BEGIN Data records

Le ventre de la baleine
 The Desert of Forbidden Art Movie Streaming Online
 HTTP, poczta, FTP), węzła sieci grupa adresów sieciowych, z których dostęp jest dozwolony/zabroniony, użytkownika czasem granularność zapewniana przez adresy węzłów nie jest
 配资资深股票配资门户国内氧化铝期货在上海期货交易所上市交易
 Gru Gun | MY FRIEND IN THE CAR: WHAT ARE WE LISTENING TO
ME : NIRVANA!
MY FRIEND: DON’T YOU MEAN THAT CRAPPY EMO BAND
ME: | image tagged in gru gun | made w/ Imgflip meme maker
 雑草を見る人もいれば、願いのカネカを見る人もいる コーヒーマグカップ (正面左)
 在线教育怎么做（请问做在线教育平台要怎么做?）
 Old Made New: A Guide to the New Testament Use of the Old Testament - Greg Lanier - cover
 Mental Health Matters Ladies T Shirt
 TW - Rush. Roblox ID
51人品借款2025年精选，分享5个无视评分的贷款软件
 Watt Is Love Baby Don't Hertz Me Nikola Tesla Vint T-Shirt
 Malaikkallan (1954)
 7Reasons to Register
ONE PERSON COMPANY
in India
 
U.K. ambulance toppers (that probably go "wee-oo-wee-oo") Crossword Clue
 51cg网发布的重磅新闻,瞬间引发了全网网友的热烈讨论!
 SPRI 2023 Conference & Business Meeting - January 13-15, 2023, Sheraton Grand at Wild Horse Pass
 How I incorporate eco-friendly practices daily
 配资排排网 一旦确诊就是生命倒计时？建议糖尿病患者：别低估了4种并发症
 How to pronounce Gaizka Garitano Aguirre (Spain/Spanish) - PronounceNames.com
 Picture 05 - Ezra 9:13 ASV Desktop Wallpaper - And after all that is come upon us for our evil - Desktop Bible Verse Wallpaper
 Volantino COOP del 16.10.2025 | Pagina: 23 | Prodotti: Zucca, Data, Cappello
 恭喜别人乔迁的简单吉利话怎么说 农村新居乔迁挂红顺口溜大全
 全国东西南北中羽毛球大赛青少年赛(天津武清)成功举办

END Data records

→ What is needed:
I need all of the records above retyped exactly, please.

→ Solution to the problem:
Le ventre de la baleine
 The Desert of Forbidden Art Movie Streaming Online
 HTTP, poczta, FTP), węzła sieci grupa adresów sieciowych, z których dostęp jest dozwolony/zabroniony, użytkownika czasem granularność zapewniana przez adresy węzłów nie jest
 配资资深股票配资门户国内氧化铝期货在上海期货交易所上市交易
 Gru Gun | MY FRIEND IN THE CAR: WHAT ARE WE LISTENING TO
ME : NIRVANA!
MY FRIEND: DON’T YOU MEAN THAT CRAPPY EMO BAND
ME: | image tagged in gru gun | made w/ Imgflip meme maker
 雑草を見る人もいれば、願いのカネカを見る人もいる コーヒーマグカップ (正面左)
 在线教育怎么做（请问做在线教育平台要怎么做?）
 Old Made New: A Guide to the New Testament Use of the Old Testament - Greg Lanier - cover
 Mental Health Matters Ladies T Shirt
 TW - Rush. Roblox ID
51人品借款2025年精选，分享5个无视评分的贷款软件
 Watt Is Love Baby Don't Hertz Me Nikola Tesla Vint T-Shirt
 Malaikkallan (1954)
 7Reasons to Register
ONE PERSON COMPANY
in India
 
U.K. ambulance toppers (that probably go "wee-oo-wee-oo") Crossword Clue
 51cg网发布的重磅新闻,瞬间引发了全网网友的热烈讨论!
 SPRI 2023 Conference & Business Meeting - January 13-15, 2023, Sheraton Grand at Wild Horse Pass
 How I incorporate eco-friendly practices daily
 配资排排网 一旦确诊就是生命倒计时？建议糖尿病患者：别低估了4种并发症
 How to pronounce Gaizka Garitano Aguirre (Spain/Spanish) - PronounceNames.com
 Picture 05 - Ezra 9:13 ASV Desktop Wallpaper - And after all that is come upon us for our evil - Desktop Bible Verse Wallpaper
 Volantino COOP del 16.10.2025 | Pagina: 23 | Prodotti: Zucca, Data, Cappello
 恭喜别人乔迁的简单吉利话怎么说 农村新居乔迁挂红顺口溜大全
 全国东西南北中羽毛球大赛青少年赛(天津武清)成功举办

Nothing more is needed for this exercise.